Just saw this bit in Vice in the aftermath of the Queen's fabulous exit:
Former colonies demanding a whopping $45 trillion in reparations from Britain to make up for centuries of exploitative colonialism!
At first glance, that might seem like a wild cash grab, but some leading Indian and Pakistani economists have put sharp pencils to the problem, and they've kinda got a point.
"Indian economist Utsa Patnaik’s calculations show the massive amount of loot taken from the Indian subcontinent over a course of 200 years. “Indians were never credited with their own gold and [foreign exchange] earnings,” Patnaik told local media about her findings. “Instead, the local producers here were ‘paid’ the rupee equivalent out of the budget – something you’d never find in any independent country.””
Translation: We'll take the profit in pounds sterling, we'll pay you minimum wage in rupees for your troubles administering the fleecing of your own nation. (and we'll upcharge you over $120 million in taxes for your troubles!)
"Had the Indian subcontinent been paid its international earnings, it would have been far more developed, with better health and social welfare indicators," Patnaik added.
A Pakistani historian echoed her point. "Countries in the Indian subcontinent continue to face the repercussions of these economic extractions. “Because of this history, we have aid dependency, like you see in Pakistan and Bangladesh, and even India to some extent.
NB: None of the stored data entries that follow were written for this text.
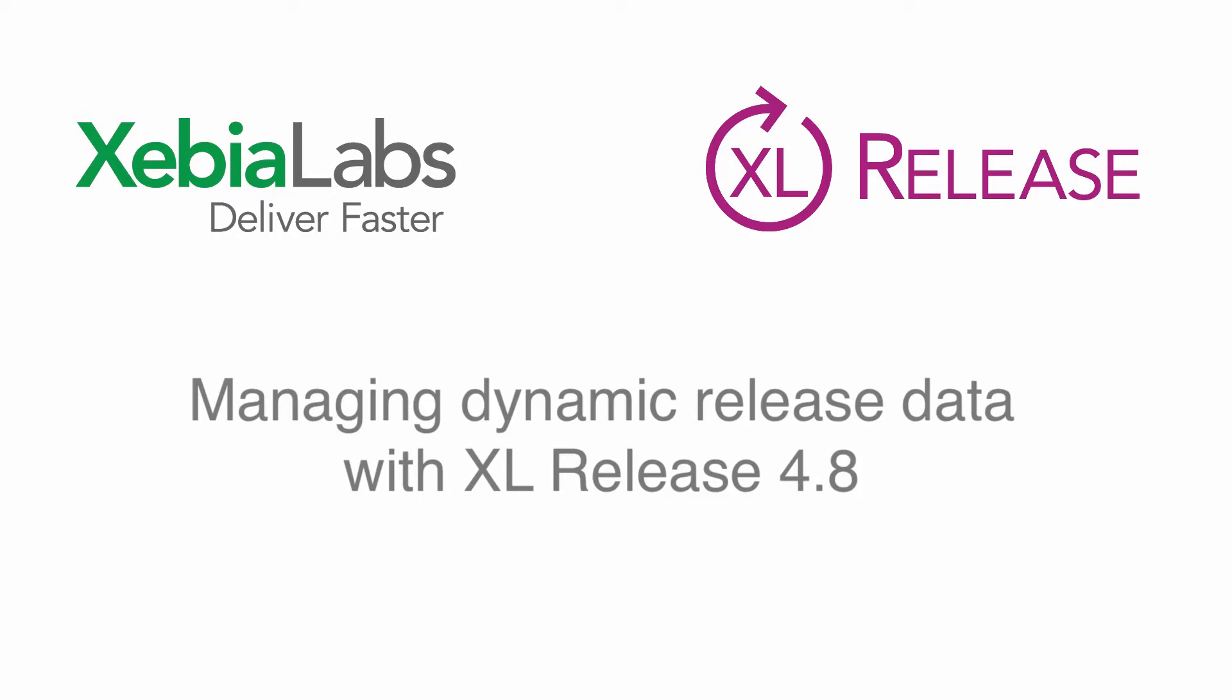XL Release helps you automate, control, and get visibility into your release pipelines.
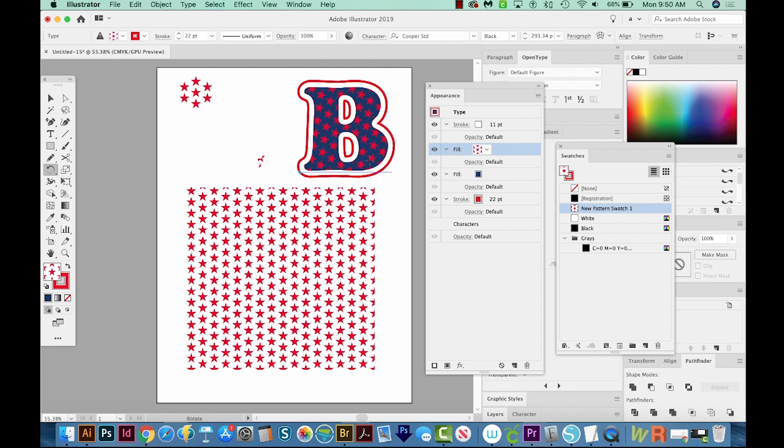Making patterns in Illustrator is so fun, but they can get a little crazy. Luckily, it's easy to make a simple pattern like the one we made today. All right, if you liked this video, and you want to see more videos like it, just hit the Subscribe button and you'll be notified every time a new video comes out. All right, thank you.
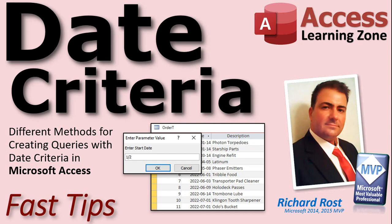Welcome to another Fast Tips video brought to you by AccessLearningZone.com. I am your instructor, Richard Rost. In today's video, we're going to talk about different methods for creating queries with date criteria in your Microsoft Access databases.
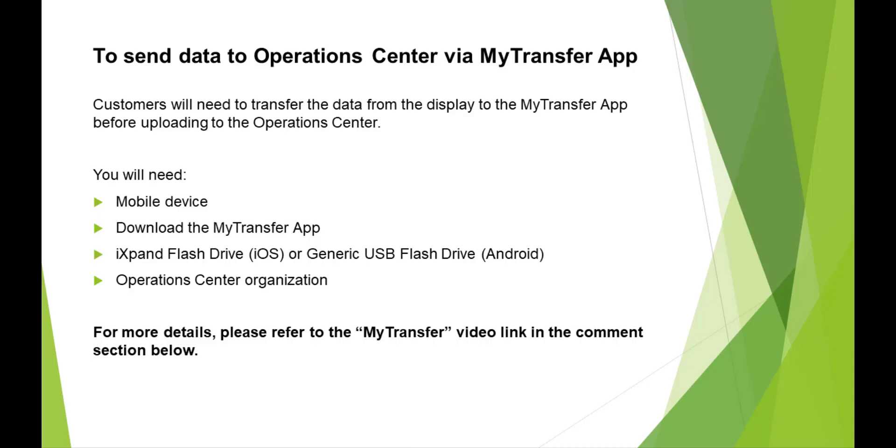You can also send files to Operations Center via the MyTransfer mobile app and via wireless data transfer. To send data via MyTransfer app, customers will need to transfer the data from the display to the MyTransfer app before uploading to Operations Center.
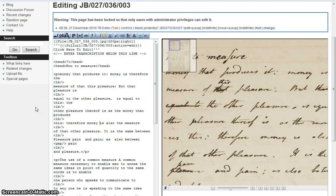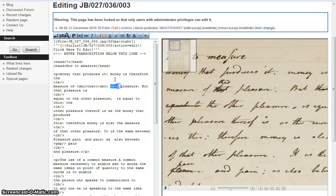We're going to move on now to additions and deletions. Anyone who's taken even the most cursory look at the manuscript images on the site will notice that Bentham and scribes routinely delete and add matter all over the place, and this can be quite off-putting for a new user. We'll deal here with additions and deletions in the same section as they often go together in the text. In the Word document, deletion tags are in brown and addition tags are in red. Where they go together it's generally best to transcribe the deletion first followed by the addition.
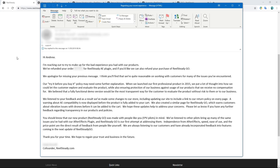'Please let us know if you have any further feedback regarding transparency in our products and policies. You should know that our new product Real Steady Go was made with people like you — new FPV pilots — in mind. We've listened to other pilots bring up many of the same issues that you've had with our After Effects plugin, and Real Steady Go is our first attempt at addressing them. Independence from After Effects, speed, ease of use, and price point are the direct result of feedback from people like yourself. We are always listening to our customers and have already incorporated feedback into features coming up in the next update of Real Steady Go. Thank you for your time. We hope to regain your trust and business in the future.' — Co-founder, RealSteady.com.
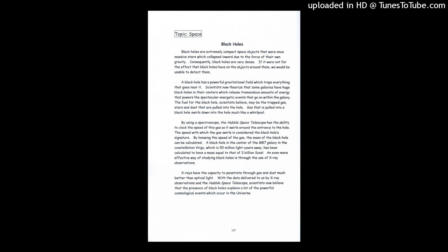X-rays have the capacity to penetrate through gas and dust much better than optical light. With the data delivered to us by the X-ray observations and the Hubble Space Telescope, scientists now believe that the presence of black holes explain a lot of the powerful cosmological events which occur in our universe.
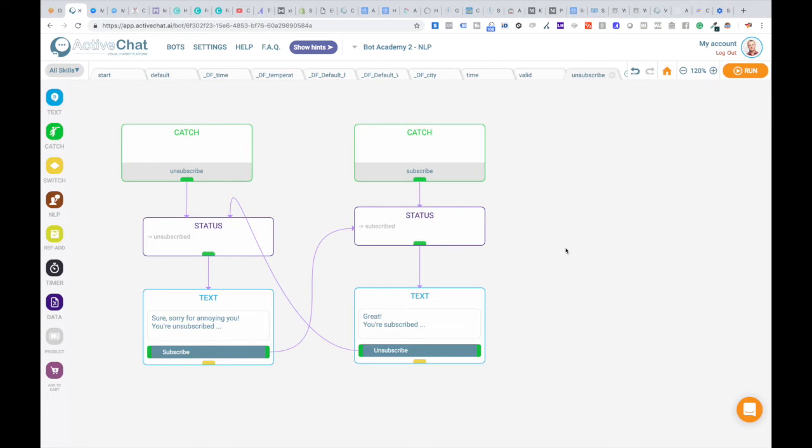And then when you do your own timers, drip content and so on and so forth, you can check the value of this variable, the current user's status with a switch block. And I will show you another example how to achieve this.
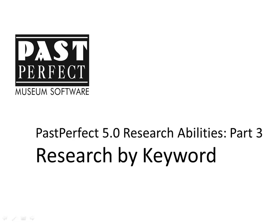Researching by Keyword is a quick way to search for a specific word or words across multiple records, fields, and catalogs.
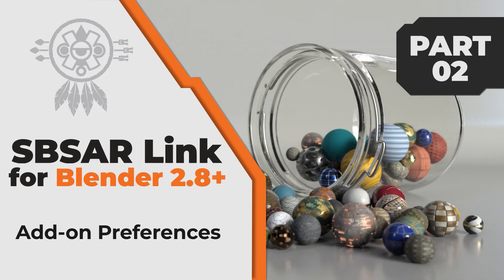Hello guys, Emmanuel here. In this video we're going to check out the available preferences of the Substance plugin for Blender, so let's get started.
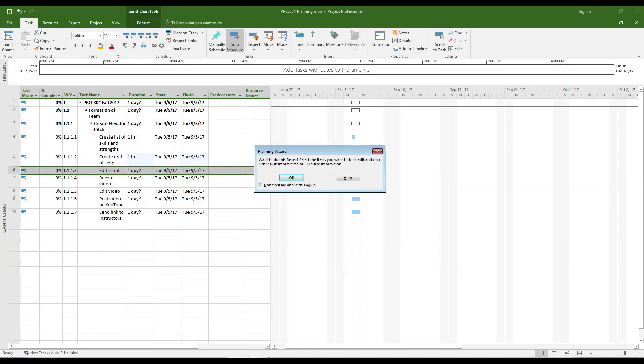Take the time to read any dialog boxes that pop up. They are usually giving you advice on how you may do things in a more efficient manner.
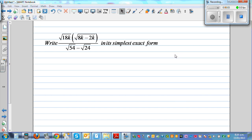Write square root of 18k times square root of 8k minus 2k, divided by square root of 54 minus square root of 24, in its exact, simplest form.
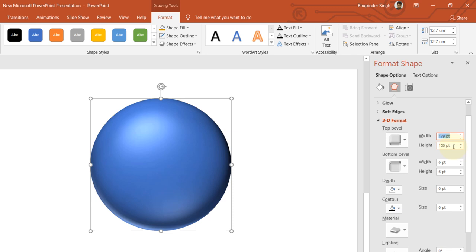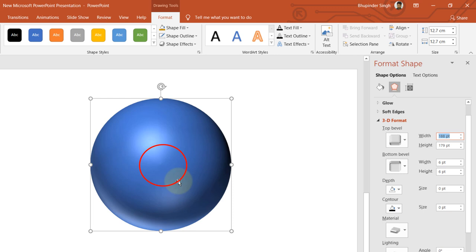If I put 179 in here and match the width and height, we get quite a smooth spherical surface. But if you increase it further, you will start to get a pointy sphere, so keep it as 179.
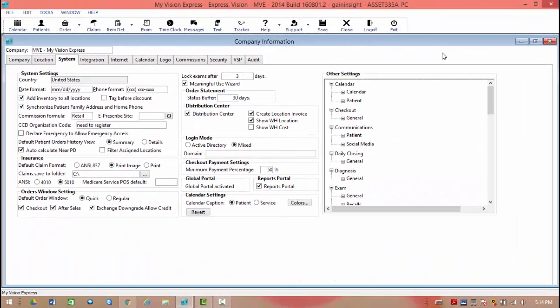Next, we'll take a look at going into the social media aspect. To do this, you're going to go into the third tab, the system tab. Once here, you're going to go into the communications option, and you're going to go to the social media portion of that tree.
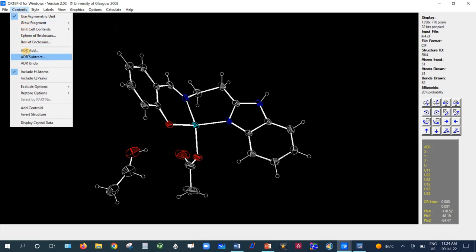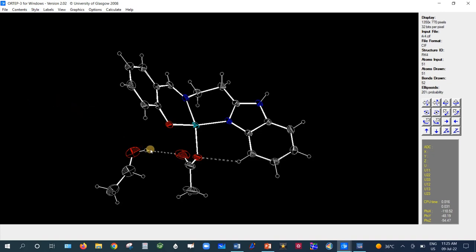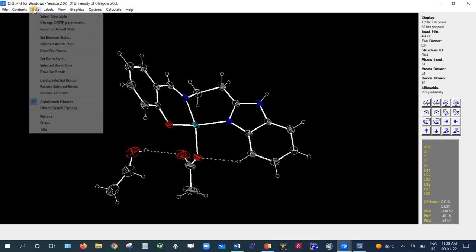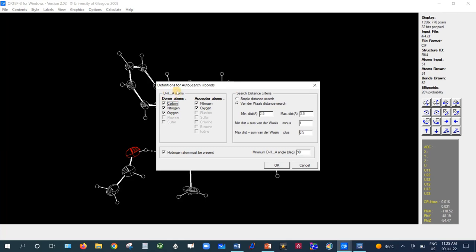Under Style, there is an H-Bond Search option for automatic hydrogen bond searching. Pressing this button will automatically find hydrogen bonds — for example, between the hydrogen of the ethanol and the oxygen of the acetate. In the manual H-Bond Search option, you can specify donor and acceptor hydrogen atoms, set the minimum distance (2.5 Å), maximum distance (3.5 Å), and minimum angle to define the hydrogen bond criteria.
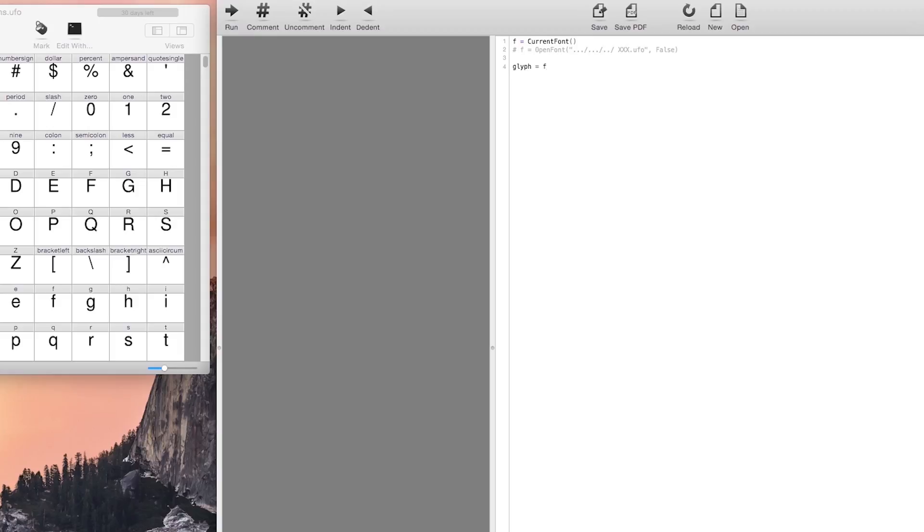The next thing we want to do is say which glyph we want to modify. For this tutorial we will modify the letter A and transform it into a letter T. We define the size of our canvas and the size of our glyph.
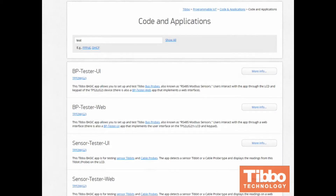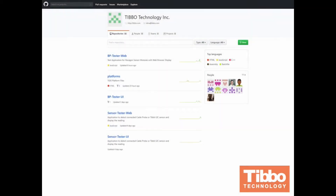Now you have the hardware set up, it's time to load the software. Go to www.tibo.com and search for code and applications. There you will find our open-sourced applications, bptester — both the web browser readings and UI TPS display. Alternatively, you can always find us on GitHub at Tibo Technology Incorporated, where we have published many free samples for you to pull or download for free.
We have a historical, structural disadvantage vis-a-vis Europe,” he said. “We’re still caught in a historical cycle of 250 years of plunder and structural poverty.”
And good ol' former PM David Cameron, when asked about returning some of the marquee loot (like the Queen's famous diamonds) replied that if they were to say yes to demands, “then you would suddenly find the British Museum empty.” So, um, no, awfully sorry, we're not giving you your shit back. #elginmarbles
Which reminds me of the epigraph to The Godfather, "behind every great fortune lies a great crime!" (Puzo was inspired by Balzac on that one)
All of these recent royal ruminations ran smack dab into something I'd been chewing on since peeping the premier of Darren Aronosvky's new Nat Geo documentary The Territory. It's a fascinating film about one of the last autonomous tribes in the Brazilian Amazon and the intense pressures Bolsonaro's regime is putting on their future.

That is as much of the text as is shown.